About this exercise :: Report each line of the entries below that has the word "floor" in it.

Source records ::
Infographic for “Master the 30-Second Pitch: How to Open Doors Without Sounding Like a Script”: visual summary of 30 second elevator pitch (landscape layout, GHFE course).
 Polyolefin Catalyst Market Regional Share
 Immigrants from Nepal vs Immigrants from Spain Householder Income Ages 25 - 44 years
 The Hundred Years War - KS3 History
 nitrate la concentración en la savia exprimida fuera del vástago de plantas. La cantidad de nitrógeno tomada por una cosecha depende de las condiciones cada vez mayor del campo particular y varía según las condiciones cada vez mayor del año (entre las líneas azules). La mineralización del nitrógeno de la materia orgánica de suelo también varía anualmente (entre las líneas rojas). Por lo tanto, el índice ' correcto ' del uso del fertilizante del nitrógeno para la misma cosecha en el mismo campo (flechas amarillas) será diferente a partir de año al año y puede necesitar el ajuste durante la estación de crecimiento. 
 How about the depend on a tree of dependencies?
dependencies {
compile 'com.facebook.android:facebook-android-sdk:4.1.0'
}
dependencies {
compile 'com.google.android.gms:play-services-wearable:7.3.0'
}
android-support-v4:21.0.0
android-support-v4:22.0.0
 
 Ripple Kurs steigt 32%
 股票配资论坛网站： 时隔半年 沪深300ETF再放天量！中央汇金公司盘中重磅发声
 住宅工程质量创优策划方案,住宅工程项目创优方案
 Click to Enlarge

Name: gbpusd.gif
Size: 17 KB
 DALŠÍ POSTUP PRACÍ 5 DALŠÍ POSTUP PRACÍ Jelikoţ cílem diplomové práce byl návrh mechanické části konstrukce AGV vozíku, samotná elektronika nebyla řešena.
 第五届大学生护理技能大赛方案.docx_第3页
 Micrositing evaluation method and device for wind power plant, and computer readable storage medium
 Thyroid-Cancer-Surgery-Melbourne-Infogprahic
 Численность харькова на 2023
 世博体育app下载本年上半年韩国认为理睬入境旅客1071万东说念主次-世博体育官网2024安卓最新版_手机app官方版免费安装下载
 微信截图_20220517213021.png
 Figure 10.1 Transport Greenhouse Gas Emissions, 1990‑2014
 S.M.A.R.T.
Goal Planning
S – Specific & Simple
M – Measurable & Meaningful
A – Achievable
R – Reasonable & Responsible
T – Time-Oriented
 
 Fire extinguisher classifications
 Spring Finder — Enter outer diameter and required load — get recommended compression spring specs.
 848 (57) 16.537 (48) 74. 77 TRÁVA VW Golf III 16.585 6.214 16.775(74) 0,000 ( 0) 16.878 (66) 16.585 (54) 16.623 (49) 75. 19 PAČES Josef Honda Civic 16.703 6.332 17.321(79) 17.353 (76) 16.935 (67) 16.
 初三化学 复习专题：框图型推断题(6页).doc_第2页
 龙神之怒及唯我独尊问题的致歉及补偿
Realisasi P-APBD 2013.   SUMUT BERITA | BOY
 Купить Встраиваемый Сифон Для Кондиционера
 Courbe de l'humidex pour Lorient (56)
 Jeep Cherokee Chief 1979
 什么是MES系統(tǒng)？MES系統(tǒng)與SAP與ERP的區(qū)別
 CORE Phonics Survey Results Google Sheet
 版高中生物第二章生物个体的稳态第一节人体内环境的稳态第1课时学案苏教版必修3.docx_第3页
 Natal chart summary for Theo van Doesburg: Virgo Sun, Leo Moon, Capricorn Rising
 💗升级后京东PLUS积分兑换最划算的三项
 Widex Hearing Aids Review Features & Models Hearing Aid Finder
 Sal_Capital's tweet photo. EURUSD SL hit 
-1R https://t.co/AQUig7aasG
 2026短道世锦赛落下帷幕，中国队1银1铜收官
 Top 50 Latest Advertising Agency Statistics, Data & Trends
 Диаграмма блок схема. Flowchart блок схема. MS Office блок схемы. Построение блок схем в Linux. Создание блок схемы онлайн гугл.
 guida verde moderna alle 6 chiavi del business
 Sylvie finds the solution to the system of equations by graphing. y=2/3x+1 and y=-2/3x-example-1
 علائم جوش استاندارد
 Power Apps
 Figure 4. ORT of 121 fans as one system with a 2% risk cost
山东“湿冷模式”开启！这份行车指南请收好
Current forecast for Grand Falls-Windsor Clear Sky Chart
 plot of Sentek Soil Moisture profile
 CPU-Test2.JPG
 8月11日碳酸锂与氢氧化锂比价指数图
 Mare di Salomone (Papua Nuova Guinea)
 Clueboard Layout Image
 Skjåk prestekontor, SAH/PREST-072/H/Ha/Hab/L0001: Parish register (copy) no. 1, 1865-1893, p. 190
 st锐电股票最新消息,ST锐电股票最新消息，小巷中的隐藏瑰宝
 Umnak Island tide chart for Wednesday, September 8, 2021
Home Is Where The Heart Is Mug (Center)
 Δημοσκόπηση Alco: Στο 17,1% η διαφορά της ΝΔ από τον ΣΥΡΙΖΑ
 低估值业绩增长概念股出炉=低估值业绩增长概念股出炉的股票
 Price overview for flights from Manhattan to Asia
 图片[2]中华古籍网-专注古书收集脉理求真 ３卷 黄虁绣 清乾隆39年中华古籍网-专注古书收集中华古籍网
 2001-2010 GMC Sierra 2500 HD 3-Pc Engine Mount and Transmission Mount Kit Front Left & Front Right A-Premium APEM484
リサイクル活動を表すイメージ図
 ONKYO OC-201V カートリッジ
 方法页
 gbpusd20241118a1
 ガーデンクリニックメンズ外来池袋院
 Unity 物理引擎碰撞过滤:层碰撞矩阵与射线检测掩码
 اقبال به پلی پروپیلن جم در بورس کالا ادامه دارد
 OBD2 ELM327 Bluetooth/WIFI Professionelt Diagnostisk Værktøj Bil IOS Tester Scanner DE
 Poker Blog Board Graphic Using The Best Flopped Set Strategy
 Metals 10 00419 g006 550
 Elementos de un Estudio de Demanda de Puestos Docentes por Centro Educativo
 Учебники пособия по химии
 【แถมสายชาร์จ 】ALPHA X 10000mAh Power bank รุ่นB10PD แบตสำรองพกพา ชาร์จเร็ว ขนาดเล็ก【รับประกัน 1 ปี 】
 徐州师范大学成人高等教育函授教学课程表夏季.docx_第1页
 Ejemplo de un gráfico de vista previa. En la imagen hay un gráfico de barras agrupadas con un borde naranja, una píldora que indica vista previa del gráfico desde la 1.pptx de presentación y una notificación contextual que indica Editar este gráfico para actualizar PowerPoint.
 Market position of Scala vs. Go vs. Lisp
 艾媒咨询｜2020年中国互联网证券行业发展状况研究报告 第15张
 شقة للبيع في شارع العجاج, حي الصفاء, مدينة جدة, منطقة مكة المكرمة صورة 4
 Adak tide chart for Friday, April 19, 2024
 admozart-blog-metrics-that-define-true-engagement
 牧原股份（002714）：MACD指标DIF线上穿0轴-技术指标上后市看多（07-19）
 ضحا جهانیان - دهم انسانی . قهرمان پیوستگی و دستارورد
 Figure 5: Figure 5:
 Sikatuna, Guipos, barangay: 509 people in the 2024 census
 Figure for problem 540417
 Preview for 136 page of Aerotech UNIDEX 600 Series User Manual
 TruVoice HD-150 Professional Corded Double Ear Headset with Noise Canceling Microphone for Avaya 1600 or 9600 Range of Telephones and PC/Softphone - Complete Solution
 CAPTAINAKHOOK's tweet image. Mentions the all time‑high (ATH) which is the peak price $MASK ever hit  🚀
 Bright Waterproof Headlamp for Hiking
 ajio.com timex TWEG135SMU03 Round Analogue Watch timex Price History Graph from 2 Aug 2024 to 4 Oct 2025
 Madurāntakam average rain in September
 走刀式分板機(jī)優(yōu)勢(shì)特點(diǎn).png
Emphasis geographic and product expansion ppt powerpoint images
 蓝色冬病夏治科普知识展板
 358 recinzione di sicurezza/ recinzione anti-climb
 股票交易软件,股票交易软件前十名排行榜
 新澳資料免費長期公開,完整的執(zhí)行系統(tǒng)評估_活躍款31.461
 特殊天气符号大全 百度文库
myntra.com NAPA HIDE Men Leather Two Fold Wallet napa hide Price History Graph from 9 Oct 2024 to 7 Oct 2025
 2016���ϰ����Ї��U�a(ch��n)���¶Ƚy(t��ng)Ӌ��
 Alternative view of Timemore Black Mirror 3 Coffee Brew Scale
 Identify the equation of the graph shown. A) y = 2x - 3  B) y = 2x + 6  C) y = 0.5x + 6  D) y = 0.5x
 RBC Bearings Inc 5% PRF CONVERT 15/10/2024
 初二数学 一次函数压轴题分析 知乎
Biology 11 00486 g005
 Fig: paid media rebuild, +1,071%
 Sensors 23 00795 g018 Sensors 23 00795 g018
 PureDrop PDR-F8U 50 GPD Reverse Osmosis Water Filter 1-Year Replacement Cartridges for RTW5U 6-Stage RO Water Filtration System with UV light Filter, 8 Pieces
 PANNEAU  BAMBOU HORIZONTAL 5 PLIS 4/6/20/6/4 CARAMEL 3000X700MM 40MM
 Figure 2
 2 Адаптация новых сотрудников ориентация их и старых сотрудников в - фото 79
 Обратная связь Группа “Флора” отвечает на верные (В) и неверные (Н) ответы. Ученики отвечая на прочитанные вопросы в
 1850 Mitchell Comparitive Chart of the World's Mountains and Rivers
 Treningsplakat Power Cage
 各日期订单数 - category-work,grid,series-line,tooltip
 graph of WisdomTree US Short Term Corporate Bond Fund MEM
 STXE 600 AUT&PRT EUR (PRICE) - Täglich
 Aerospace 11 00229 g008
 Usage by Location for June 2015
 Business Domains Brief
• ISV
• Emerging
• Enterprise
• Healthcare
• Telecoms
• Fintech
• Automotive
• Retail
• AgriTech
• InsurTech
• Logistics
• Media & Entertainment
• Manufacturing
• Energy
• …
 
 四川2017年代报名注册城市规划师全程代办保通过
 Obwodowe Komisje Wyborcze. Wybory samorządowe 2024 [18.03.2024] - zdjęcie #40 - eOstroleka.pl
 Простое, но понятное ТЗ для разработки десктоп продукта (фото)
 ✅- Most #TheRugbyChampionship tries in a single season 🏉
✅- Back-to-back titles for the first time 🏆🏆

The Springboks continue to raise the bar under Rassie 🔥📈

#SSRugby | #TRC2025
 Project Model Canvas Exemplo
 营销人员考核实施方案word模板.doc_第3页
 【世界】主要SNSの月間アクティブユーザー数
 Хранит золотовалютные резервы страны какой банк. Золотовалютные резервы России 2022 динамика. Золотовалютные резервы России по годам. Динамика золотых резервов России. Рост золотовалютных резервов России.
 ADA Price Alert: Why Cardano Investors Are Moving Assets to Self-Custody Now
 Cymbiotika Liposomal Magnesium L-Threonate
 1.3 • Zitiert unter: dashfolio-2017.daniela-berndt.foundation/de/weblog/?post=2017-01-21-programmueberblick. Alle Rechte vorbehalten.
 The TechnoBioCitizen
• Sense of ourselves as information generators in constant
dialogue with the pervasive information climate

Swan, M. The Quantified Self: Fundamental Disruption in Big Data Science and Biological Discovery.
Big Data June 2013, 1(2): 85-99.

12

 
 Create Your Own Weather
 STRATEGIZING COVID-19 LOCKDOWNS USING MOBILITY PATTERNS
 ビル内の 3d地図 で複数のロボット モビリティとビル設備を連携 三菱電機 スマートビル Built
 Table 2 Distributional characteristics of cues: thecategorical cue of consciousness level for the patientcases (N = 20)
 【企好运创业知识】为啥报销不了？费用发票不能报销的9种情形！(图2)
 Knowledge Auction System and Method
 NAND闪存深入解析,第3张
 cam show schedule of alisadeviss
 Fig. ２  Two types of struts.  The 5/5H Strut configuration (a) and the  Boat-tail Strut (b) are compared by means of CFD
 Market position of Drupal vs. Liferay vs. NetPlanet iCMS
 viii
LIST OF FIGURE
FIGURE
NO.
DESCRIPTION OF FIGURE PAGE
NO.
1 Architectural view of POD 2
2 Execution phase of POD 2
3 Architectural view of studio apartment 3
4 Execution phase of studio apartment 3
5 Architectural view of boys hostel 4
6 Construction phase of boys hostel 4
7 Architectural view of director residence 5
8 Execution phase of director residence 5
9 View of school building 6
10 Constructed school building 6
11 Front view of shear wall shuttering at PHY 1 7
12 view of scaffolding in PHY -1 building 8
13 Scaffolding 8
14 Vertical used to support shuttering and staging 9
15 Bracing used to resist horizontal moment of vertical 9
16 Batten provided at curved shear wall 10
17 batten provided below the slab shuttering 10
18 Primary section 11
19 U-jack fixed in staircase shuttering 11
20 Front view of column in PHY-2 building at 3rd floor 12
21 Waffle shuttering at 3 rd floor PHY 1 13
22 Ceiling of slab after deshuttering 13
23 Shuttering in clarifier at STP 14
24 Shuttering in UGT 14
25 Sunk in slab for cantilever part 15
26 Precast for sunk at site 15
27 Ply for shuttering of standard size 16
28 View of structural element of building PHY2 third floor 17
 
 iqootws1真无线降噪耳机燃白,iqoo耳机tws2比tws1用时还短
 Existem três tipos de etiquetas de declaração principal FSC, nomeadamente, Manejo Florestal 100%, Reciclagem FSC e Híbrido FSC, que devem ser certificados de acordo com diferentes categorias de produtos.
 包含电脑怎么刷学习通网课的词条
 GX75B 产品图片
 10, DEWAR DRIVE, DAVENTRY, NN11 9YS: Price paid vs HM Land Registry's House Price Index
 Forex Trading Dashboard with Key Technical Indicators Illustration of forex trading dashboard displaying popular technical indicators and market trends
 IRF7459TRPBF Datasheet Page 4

Exercise result ::
20 Front view of column in PHY-2 building at 3rd floor 12
21 Waffle shuttering at 3 rd floor PHY 1 13
28 View of structural element of building PHY2 third floor 17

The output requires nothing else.